Tuesday, July 12, 2011

Throw More Hardware At It

A very large data set can be taxing on Excel.  On older systems, Excel is limited to 1 GB of ram.  Office 2007 enables up to 2GB.  But opening a workbook that is hundreds of megabytes in size can be an exercise in patience.


A recent project is tracking statistics for 5,000 companies going back for several years.  Some numbers, like Earnings and Dividends are reported quarterly.  Stock Price, which ties into a host of downstream reporting and industry averaging logic, is tracked daily.


Rolling all these numbers together to figure out potential investment strategies requires juggling several million data values in memory.  The data is being housed in an Access database for now, with plans to bump up to SQL server.  But the data interchange is not the bottleneck, it is Excel's ram limit.


My client is running Windows XP and Excel 2003.  I have optimized and re-factored the object model to squeeze every last drop of performance from the platform, but we have hit the proverbial wall.  


As more and more data was captured and the record count approached 4.8 million, some of the long reporting macros began to get bogged down by Windows memory swapping - this is when the hard drive is used as the spillover for physical memory, and it is 100 times slower than normal Ram operations.  To make the application usable, we needed to either reduce the data universe (and thus, the value of the analysis), or implement a hardware and software upgrade.  We're taking the upgrade path.
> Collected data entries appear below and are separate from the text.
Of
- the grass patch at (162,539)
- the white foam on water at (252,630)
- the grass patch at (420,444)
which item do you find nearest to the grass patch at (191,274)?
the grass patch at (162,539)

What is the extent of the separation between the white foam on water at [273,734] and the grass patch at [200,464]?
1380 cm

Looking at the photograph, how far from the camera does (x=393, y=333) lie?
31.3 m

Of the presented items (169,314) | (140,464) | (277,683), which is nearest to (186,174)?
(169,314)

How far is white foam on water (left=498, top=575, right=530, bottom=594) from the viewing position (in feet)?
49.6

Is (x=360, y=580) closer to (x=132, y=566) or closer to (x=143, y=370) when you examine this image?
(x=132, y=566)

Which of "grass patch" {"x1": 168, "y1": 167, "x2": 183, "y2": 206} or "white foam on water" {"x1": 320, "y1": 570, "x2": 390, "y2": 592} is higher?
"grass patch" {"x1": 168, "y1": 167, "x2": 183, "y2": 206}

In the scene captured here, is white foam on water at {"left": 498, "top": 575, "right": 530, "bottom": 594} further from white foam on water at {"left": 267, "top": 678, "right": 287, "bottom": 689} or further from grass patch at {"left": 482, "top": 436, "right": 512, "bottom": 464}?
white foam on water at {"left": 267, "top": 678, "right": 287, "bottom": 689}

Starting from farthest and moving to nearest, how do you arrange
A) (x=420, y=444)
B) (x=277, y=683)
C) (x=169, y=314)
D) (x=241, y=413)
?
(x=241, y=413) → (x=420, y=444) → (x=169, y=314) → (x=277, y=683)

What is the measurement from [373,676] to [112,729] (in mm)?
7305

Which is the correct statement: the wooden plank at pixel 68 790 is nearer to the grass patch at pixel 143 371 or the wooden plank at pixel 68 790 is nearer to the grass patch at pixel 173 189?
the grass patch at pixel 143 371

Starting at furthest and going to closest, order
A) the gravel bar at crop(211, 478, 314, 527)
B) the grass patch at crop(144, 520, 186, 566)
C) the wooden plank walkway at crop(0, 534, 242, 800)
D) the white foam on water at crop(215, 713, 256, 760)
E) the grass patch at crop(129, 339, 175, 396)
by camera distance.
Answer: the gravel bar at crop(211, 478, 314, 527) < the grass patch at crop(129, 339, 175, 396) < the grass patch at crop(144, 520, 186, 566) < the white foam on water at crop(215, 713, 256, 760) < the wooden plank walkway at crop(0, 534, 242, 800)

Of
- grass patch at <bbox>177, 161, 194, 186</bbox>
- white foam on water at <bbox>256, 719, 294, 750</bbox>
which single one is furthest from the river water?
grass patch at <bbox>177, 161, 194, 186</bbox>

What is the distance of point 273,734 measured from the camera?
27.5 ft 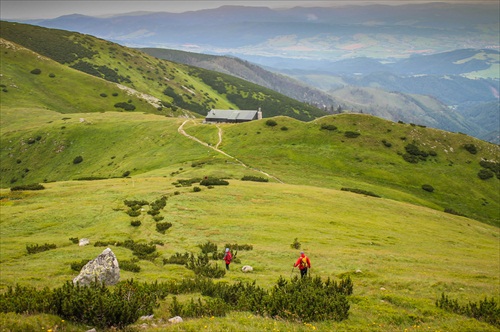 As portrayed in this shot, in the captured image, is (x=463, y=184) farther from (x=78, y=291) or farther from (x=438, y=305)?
(x=78, y=291)

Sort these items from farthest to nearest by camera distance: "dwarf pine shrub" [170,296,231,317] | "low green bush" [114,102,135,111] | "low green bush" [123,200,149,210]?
"low green bush" [114,102,135,111], "low green bush" [123,200,149,210], "dwarf pine shrub" [170,296,231,317]

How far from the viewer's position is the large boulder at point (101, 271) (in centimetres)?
1956

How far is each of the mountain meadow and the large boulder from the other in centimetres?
107

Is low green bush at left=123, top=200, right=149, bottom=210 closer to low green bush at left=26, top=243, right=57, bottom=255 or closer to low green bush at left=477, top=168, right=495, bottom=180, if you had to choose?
low green bush at left=26, top=243, right=57, bottom=255

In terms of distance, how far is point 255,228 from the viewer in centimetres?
3797

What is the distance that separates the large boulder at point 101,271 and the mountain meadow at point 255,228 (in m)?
1.07

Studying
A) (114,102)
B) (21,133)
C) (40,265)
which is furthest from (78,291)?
(114,102)

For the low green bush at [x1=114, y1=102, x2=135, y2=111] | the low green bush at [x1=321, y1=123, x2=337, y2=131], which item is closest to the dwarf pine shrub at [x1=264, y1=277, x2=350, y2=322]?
the low green bush at [x1=321, y1=123, x2=337, y2=131]

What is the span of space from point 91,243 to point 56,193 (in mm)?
23300

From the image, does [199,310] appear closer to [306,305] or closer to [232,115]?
[306,305]

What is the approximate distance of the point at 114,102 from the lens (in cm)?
19125

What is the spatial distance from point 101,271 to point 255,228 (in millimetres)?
20715

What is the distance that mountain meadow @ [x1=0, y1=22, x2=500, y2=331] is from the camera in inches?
657

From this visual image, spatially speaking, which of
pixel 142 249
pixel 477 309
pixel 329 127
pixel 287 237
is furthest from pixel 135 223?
pixel 329 127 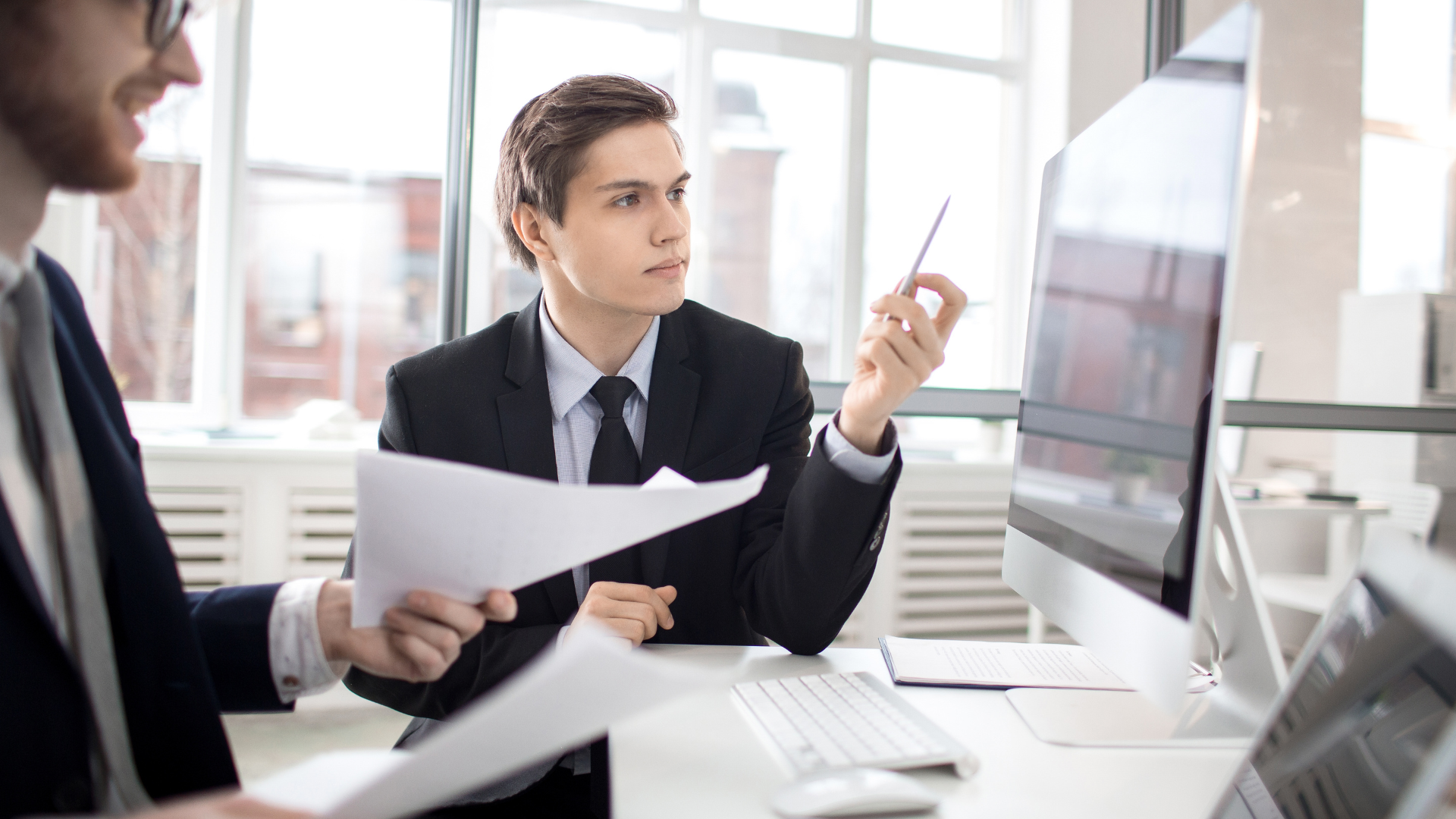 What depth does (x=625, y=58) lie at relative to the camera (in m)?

The new machine is a Dell Latitude E5520, billed as a portable workstation - more pricy than a back-to-school netbook, but with the horsepower to churn through these advanced computations.  (This is, after all, the stuff computers were invented for.)  The laptop upgrade will run Windows 7 64 bit, and Office 2010 Pro, leaving nothing on the table.  Let's see what's in the package:
  • Intel Core i7-2620M, 2.70GHz - Four duo-cores, that's 8 processors!
  • 8.0GB, DDR3-1333MHz SDRAM - that's fast memory, and a lot of it.
  • 128GB Dell Mobility Solid State Drive - THIS is the money.
On the old hardware and platform, one rather large report that computes historical moving averages across industry sectors, can take up to 4 minutes to complete.  If Windows decides it's time to start swapping ram to the hard drive, macro time jumps to 15 minutes.  


Using a solid state hard drive, this won't be a concern as swaps to a ram disc are just about as fast as normal ram.  (and this kind of hard drive allows the computer to boot up in seconds, so I'm told.)  Exploiting the newest 64 bit Windows os and Office suite will allow Excel to access up to 1TB (that's terabyte) of memory.  


The Intel Core i7 is a linked array of 64 bit processors that makes this equivalent to a 90's era SuperComputer costing millions of dollars. Lets see if the performance gains pan out...

The hardware is on-order.  The client is waiting expectantly, as am I.  Next post, I will outline my steps in upgrading the Excel 03 vba code to run in Excel 2010 (if any) and benchmark the new system.  This is a $3,000 blind faith endeavour.  But as the client says, if he makes just one good decision because of the software, it's all paid for!